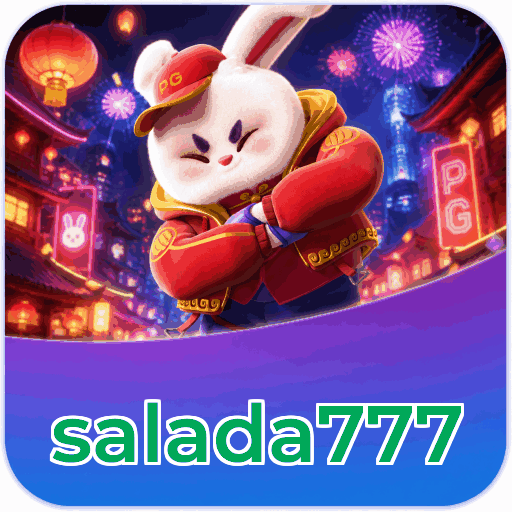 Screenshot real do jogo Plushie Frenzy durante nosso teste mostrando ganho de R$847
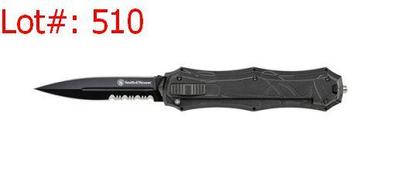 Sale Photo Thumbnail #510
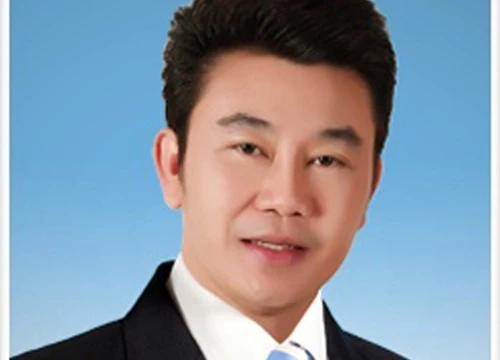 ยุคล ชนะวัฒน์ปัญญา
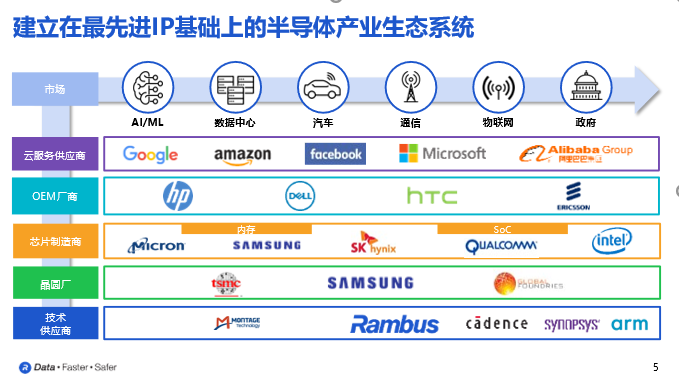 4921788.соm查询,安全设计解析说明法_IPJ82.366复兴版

※

__WHAT YOU NEED TO DO__. Retype all the data exactly; skip the pictures.

__YOUR RESPONSE__.
 Screenshot real do jogo Plushie Frenzy durante nosso teste mostrando ganho de R$847
 Sale Photo Thumbnail #510
 ยุคล ชนะวัฒน์ปัญญา
 4921788.соm查询,安全设计解析说明法_IPJ82.366复兴版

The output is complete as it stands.